Mit Sorge denkt er an schlagzeilenträchtige Fälle, in denen kaputte familiäre Verhältnisse in einer tödlichen Tragödie endeten. Lea-Sophie verhungerte in Schwerin, Jessica in Hamburg, Dennis in Cottbus. Dass Berlin bislang nicht in der Liste solcher Fälle auftauche, sei reines Glück, sagt auch Georg Ehrmann, Vorsitzender des Vereins Deutsche Kinderhilfe Direkt. „Aber mit einer Häufung dieser Fälle werden wir hier in Zukunft leider rechnen müssen“, argwöhnt er. „Wenn wir nichts ändern, steuern wir auf eine Katastrophe zu.“ In keinem Bundesland sei im Jugend- und Kinderschutz in den vergangenen Jahren so viel Geld gekürzt worden wie in Berlin, sagt Ehrmann. In den vergangenen fünf Jahren seien hier 25 Prozent der Mittel weggebrochen, im Bundesdurchschnitt dagegen rund 15 Prozent.
Seit 2003 hat Berlin die Zahl der Sozialarbeiter in Jugendämtern nach Angaben der zuständigen Senatsverwaltung um über 200 Mitarbeiter reduziert – zu wenig Personal, das allmählich auch zu alt werde: Mittlerweile seien mehr als die Hälfte der Fachkräfte bei den Jugendämtern 50 Jahre und älter, so Ehrmann.
Das stinkt auch Schneider.
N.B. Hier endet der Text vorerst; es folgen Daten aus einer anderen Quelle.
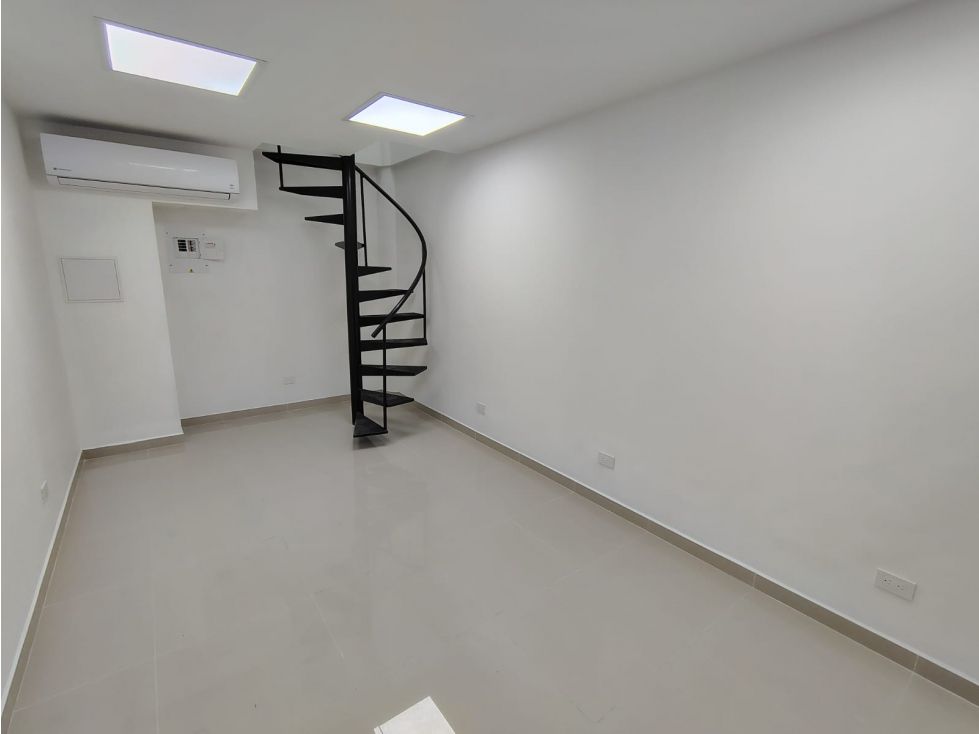 Local en arriendo Antioquia Medellín Manila 36 m2 Habitaciones 0 Baños 1 Garajes 0 Precio $6400000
Die Älteren seien weniger belastbar, öfter krank und müssten häufiger zur Kur. Auch fehle es an Kollegen aus Zuwandererfamilien. Wenn er eine arabische Familie betreue, müsse er immer einen Dolmetscher mitnehmen. Vertrauen lasse sich dadurch sehr viel schwerer aufbauen: „Es ist mir völlig unbegreiflich, dass wir erst jetzt anfangen, Mitarbeiter mit anderen Nationalitäten bei uns einzusetzen“, sagt er.
Mit seiner Haltung ist Schneider im Amt bereits angeeckt. „Das Problem ist, dass die Vorgesetzten, die sich die Anforderungen ausdenken, überhaupt nicht wissen, wie es in der Praxis läuft“, meint der Sozialarbeiter. „Es gibt Kollegen, die in Arbeit ersaufen.“ Die Deutsche Kinderhilfe Direkt geht davon aus, dass ein Sozialarbeiter in der Hauptstadt mittlerweile durchschnittlich 150 Fälle betreut.
Es liege natürlich nicht nur am System, räumt Schneider ein. Auch der einzelne Sozialarbeiter sei fehlbar. Er erinnert sich an das Martyrium eines kleinen Jungen aus einer bosnischen Familie, das jahrelang unbemerkt blieb. Ein Jurist hatte vorgegeben, der Familie helfen zu wollen, unterstützte sie finanziell und hielt Kontakt zu Ämtern. Im Gegenzug ließ er den Jungen bei sich einziehen und missbrauchte ihn über Jahre sexuell. Die Familie wurde während der ganzen Zeit vom Jugendamt begleitet, doch der Betreuer schöpfte keinen Verdacht.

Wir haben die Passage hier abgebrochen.